The Speech I’d Like to Hear

By Tom Quiner

pro-life speech

Maggie DeWitte prepares to deliver “the speech I’d like to hear”

The Baby Boom generation was spoiled by the likes of Martin Luther King and Ronald Reagan. These rhetorical masters knew how to give a speech. It wasn’t just their delivery which was dynamic, it was their words. It was the ideas behind the words. It was the passion behind the words and the ideas.

These men believed in grand ideas and persuaded a nation to listen and follow them through the power of one great speech after another, a forsaken art in this god-forsaken political campaign.

I saw the recent movie, “Reagan,” and was once again inspired in a way that no other politician has been able to inspire me since. Love him or hate him, he believed in grand ideas and created a movement that followed him, as did Reverend King.

I miss being inspired.

This blog was particularly harsh on Nikki Hailey, not for her speechmaking ability, which is solid enough, but her unwillingness to lead on the Life issue. Pulse Life Advocates is all about protecting innocent human life from fertilization to natural death. Donald Trump did a fine job in 2016, but has backpedaled this cycle.

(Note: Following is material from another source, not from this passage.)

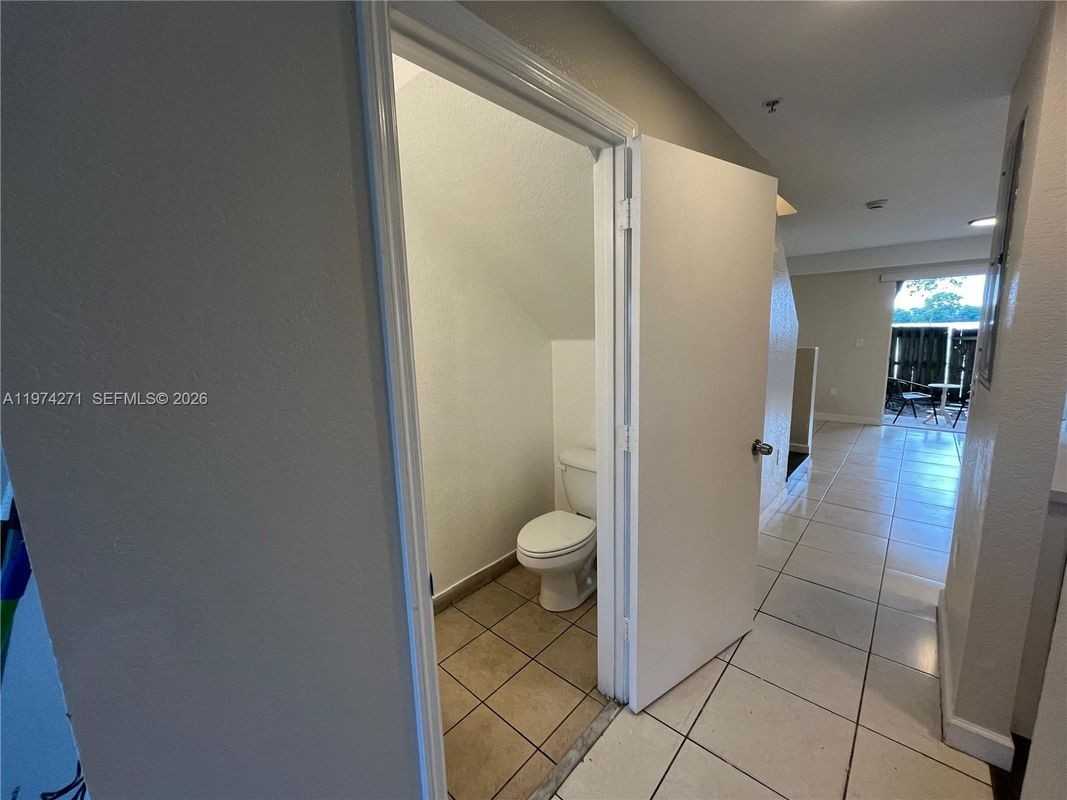 14162 Nw 17th Ave - Photo 5 of 31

By contrast, Ronald Reagan led on the life issue.

I was in college when the Roe decision was imposed on our country. I was so naive, I didn’t even know what abortion was. It was Reagan who elevated the issue in our nation’s consciousness, helping to transform the Republican Party into the pro-life party at the same time the Democratic Party began shifting toward the pro-choice position. It was Reagan who made me pro-life.

Said Reagan in a pro-life speech:

“We cannot diminish the value of one category of human life — the unborn — without diminishing the value of all human life. Despite the formidable obstacles before us, we must not lose heart.

This is not the first time our country has been divided by a Supreme Court decision that denied the value of certain human lives. The Dred Scott decision of 1857 was not overturned in a day, or a year, or even a decade.

 [T]he great majority of the American people have not yet made their voices heard, and we cannot expect them to — any more than the public voice arose against slavery — until the issue is clearly framed and presented.”

Isn’t it nice to hear a politician who can speak in sentences and present a coherent idea?

The Reagan flourish

Richard Land described a vintage Reagan moment. Mr. Land is head of the Southern Baptist Ethics & Religious Liberty Commission. He said Reagan was invited to speak at a gathering called the National Affairs Briefing in 1980. Said Land:

“This was a huge gathering in Reunion Arena of pro-life and pro-family activists and he said, ‘I understand that you can’t endorse me, but I’m here to endorse you’ — to thunderous applause.”

What a masterful flourish.

I had the opportunity to hear one of Reagan’s last speeches before Alzheimer’s ended his public life.

He spoke in West Branch, Iowa, for the re-dedication of the Hoover Library. His speech was excellent, although he lost his place at one point, only to bounce back and regain his footing. An indication of what was to come?

The next week, he went to the Republican convention. I happened upon the speech on YouTube and share it with you below. I found myself hanging on every word for the entire 40 minutes.

The only public figure in his league today is Italy Prime Minister, Georgia Meloni.

Pulse Life Advocates would love to hear a good pro-life speech this election cycle. And we’re tired of waiting, so we’re producing our own.

We hope to release it late next week. Our Executive Director, Maggie DeWitte, shot it today, and God willing, we’ll release it as soon as next Friday.

Pulse wants YOU to be inspired about the cause of life. We need to hear some good speeches. Since few are forthcoming, we will release our own.